I’m running into a DNS configuration issue while trying to use two different email platforms for my domain. I need to keep using one service for newsletters and marketing campaigns, while adding another service specifically for automated transactional emails like password resets and order confirmations.
The problem is that both services want me to create DKIM authentication records with identical selectors. The first service needs this CNAME record:
mail._domainkey.mysite.com -> dkim.provider1.net
While the second service requires this TXT record:
Since both records use the same subdomain path, I can’t add them both to my DNS settings. Is there a way to configure my domain to work with both email services simultaneously? I really need to keep the marketing functionality while adding the transactional email capability.
Been there. The DNS conflict is a nightmare - you can’t run two records with the same selectors.

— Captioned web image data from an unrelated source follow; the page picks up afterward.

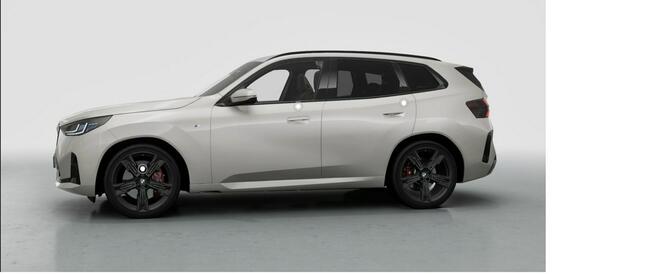 BMW X3 xdrive20 208KM automat 2025 r., salon PL, I właściciel, f-a VAT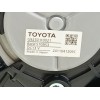 Recambio de motor ventilador para toyota yaris (_p21_, _pa1_, _ph1_) 1.5 hybrid (mxph10) referencia OEM IAM 16363K0020  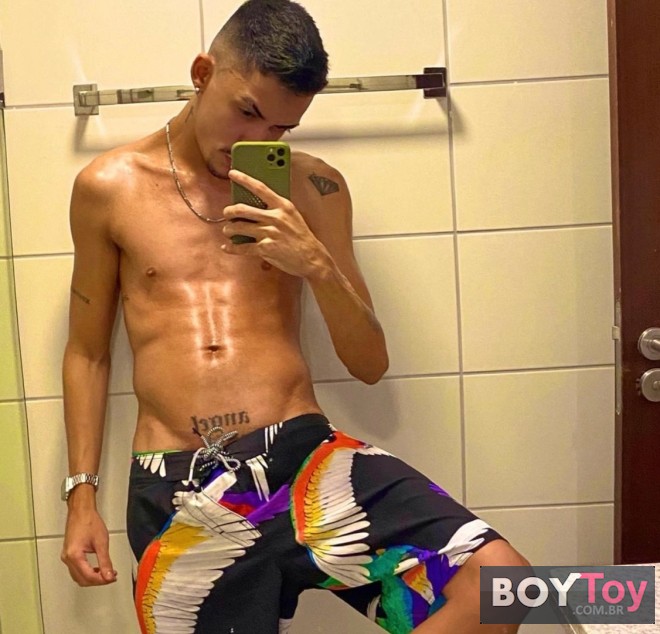 Foto da galeria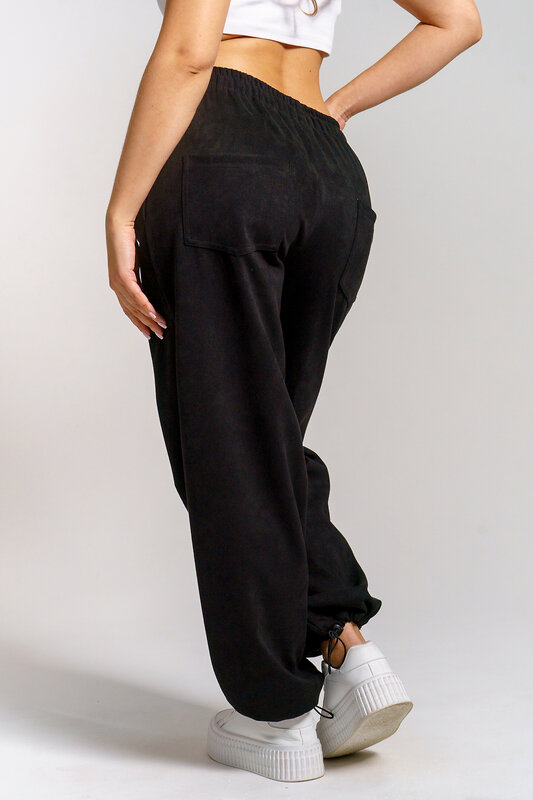 Натали Брюки 577378 36975 черный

Don’t waste time fighting DNS configs or begging providers to change selectors. Route everything through one automation layer instead. I use Latenode for all my email routing.

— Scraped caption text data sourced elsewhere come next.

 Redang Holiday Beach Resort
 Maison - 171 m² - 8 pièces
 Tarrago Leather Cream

Set one primary service for DNS, then let Latenode handle the routing logic. Marketing emails go to service A, transactional to service B. Clean separation, no DNS headaches.

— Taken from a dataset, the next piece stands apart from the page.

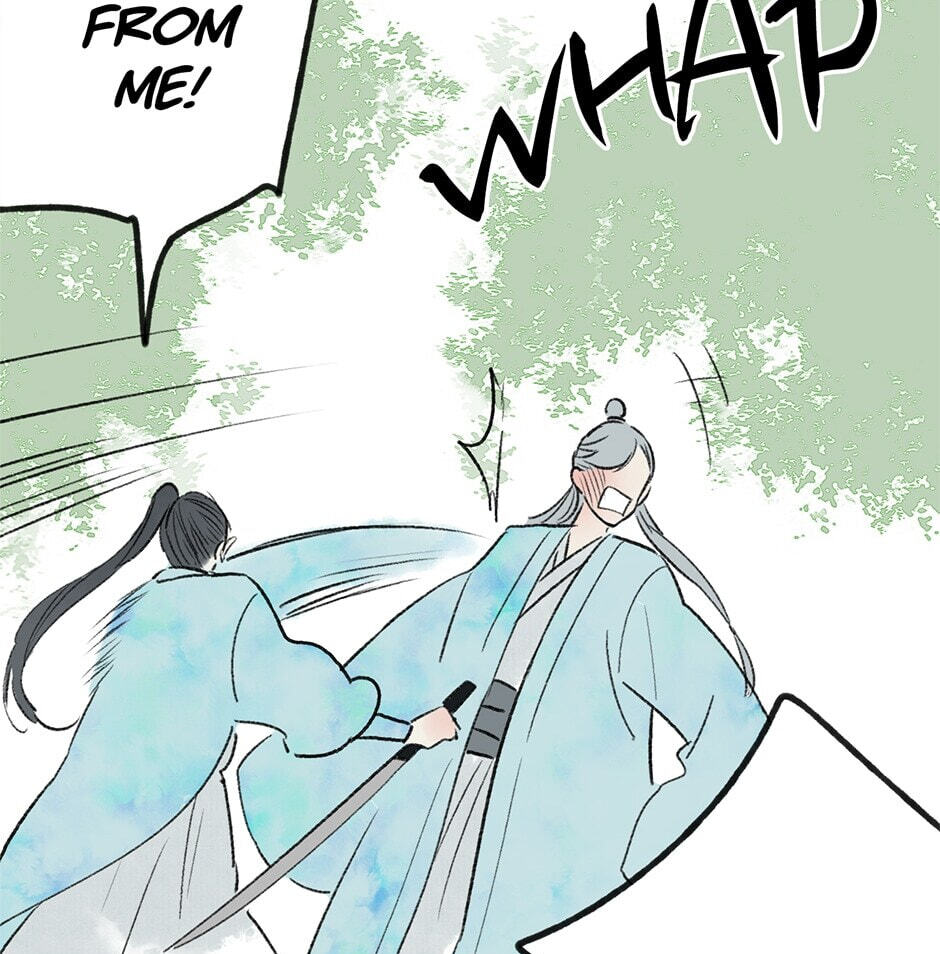 Yuanshan Qianlin Chapter 26 page 59 -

Built this exact setup for our company. Latenode watches email triggers and routes them automatically. Way better than juggling multiple DKIM records and auth issues.
Bonus: you get email logging, backup routing when services fail, and A/B testing between providers.
Hit this exact problem when we set up our client portal. The issue is DNS record collision - you can’t have two records pointing to the same selector path, period. Start by contacting your transactional email provider and ask for a custom selector change. Most providers let you do this in their auth settings, though some bury it in advanced options. If neither service will change selectors, use separate sending domains instead. Set up send.yoursite.com for transactional stuff and news.yoursite.com for marketing. You’ll need extra DNS zones, but it kills the authentication conflicts. There’s also a dev-heavy workaround: route different email types through different SMTP endpoints at the app level and keep just one DKIM record active per domain. More coding work, but you keep one domain identity for everything.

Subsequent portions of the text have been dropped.